EXERCISE PROMPT:
Copy out all the lines in the records that include the word "Cres".

MATERIALS PROVIDED:
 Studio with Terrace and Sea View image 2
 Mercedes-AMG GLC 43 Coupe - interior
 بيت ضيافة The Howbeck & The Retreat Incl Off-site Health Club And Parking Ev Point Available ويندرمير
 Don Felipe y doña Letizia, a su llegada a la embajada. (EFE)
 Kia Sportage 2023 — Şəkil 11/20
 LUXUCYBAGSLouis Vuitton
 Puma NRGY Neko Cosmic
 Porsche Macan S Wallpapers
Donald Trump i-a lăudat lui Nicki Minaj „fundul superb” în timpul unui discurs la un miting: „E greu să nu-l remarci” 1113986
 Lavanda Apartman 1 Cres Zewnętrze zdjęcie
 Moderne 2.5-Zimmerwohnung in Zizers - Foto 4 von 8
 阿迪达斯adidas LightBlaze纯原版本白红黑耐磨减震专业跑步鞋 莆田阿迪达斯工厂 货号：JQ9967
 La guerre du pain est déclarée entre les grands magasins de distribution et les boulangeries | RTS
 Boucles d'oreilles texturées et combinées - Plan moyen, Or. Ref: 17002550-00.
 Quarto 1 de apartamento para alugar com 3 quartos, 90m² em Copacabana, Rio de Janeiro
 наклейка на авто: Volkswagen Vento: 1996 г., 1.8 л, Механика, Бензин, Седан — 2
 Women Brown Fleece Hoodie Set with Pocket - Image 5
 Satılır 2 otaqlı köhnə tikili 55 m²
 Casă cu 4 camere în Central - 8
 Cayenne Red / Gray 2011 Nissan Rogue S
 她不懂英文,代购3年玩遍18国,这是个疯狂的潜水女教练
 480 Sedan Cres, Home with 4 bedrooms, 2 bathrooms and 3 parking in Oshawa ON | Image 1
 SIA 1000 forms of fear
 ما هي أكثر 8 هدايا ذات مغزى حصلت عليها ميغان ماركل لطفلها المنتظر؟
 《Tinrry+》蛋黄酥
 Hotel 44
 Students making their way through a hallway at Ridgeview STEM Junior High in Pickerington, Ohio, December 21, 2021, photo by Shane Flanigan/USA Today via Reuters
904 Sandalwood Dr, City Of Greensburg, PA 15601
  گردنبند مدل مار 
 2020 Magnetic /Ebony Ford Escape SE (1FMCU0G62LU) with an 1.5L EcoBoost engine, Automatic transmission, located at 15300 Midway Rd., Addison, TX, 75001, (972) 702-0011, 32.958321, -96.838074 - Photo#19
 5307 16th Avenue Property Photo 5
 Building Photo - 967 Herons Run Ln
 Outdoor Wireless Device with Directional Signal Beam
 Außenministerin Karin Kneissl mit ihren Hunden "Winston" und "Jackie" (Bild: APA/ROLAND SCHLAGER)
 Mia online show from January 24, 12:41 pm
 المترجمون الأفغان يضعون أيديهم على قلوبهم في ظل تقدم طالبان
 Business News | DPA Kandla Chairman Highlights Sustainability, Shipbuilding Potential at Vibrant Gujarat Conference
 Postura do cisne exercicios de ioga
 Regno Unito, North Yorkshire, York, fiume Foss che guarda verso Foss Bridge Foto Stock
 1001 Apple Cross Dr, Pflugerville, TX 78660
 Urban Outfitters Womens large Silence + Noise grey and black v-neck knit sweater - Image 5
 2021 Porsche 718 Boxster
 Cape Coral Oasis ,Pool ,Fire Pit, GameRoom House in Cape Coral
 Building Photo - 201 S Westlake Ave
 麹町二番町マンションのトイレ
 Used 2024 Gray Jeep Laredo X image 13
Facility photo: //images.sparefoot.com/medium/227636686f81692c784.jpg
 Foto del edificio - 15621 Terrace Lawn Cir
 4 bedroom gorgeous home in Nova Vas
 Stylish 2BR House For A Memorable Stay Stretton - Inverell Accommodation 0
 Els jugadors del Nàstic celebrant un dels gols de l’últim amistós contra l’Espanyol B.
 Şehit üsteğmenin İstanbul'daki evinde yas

RESULT OF THIS EXERCISE:
 Lavanda Apartman 1 Cres Zewnętrze zdjęcie
 480 Sedan Cres, Home with 4 bedrooms, 2 bathrooms and 3 parking in Oshawa ON | Image 1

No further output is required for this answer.